Alerting

Kupe Cloud uses Prometheus-style alert rules with Alertmanager for delivery. Rules are evaluated centrally against your tenant metrics, and notifications are routed to receivers that your team configures in the console.

How alerting works

Alert rules come from either the managed rule catalog or your own PrometheusRule resources.
Kupe syncs those rules into the managed evaluation path.
The ruler evaluates the PromQL expressions on schedule.
When a condition holds for the configured for duration, the alert begins firing.
Alertmanager routes the alert to the receivers and routes you configured.

Managed rules

Kupe includes a baseline catalog of managed rules for common platform and workload issues. In the console, open Alerting > Rules > Managed Rules to review the current state for a cluster and adjust the rules that support overrides.
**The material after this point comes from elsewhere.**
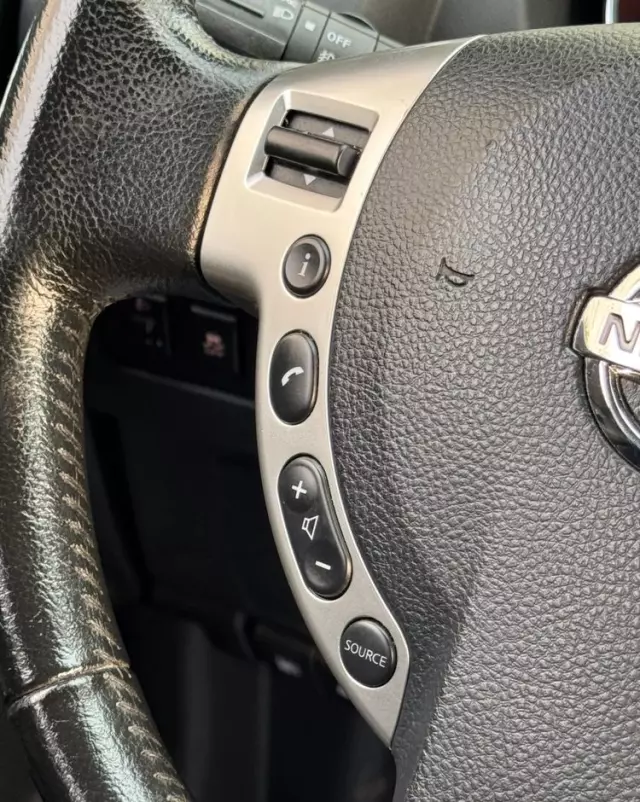 NISSAN Qashqai 1.6 I-Way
Typical managed rules cover:

workload health, such as pod crash looping, pod not ready, rollout problems, and failed jobs
resource pressure, such as CPU throttling and quota pressure
storage health, such as persistent volumes filling up or entering a bad state

The console is the source of truth for whether a managed rule is currently enabled for a given cluster and what overrides are in effect.

Custom rules

Create your own PrometheusRule resources when you need application-specific alerting. These appear under Alerting > Rules > Custom Rules.
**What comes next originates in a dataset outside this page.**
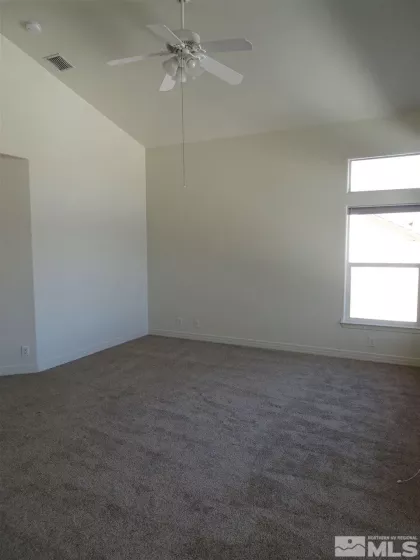 7021 Heatherwood, Reno, Nevada 89523, 5 Bedrooms Bedrooms, ,3 BathroomsBathrooms,Residential Lease,Manufactured,Heatherwood,250052572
apiVersion: monitoring.coreos.com/v1
kind: PrometheusRule
metadata:
  name: my-app-alerts
  namespace: my-namespace
spec:
  groups:
    - name: my-app
      rules:
        - alert: HighRequestLatency
          expr: |
            histogram_quantile(0.99,
              sum(rate(http_request_duration_seconds_bucket{service="api"}[5m]))
              by (le)
            ) > 2.0
          for: 10m
          labels:
            severity: warning
            team: backend
          annotations:
            summary: "High p99 latency on {{ $labels.service }}"
            description: >-
              p99 latency is above threshold for the last 10 minutes.
            runbook_url: "https://runbooks.example.com/HighRequestLatency"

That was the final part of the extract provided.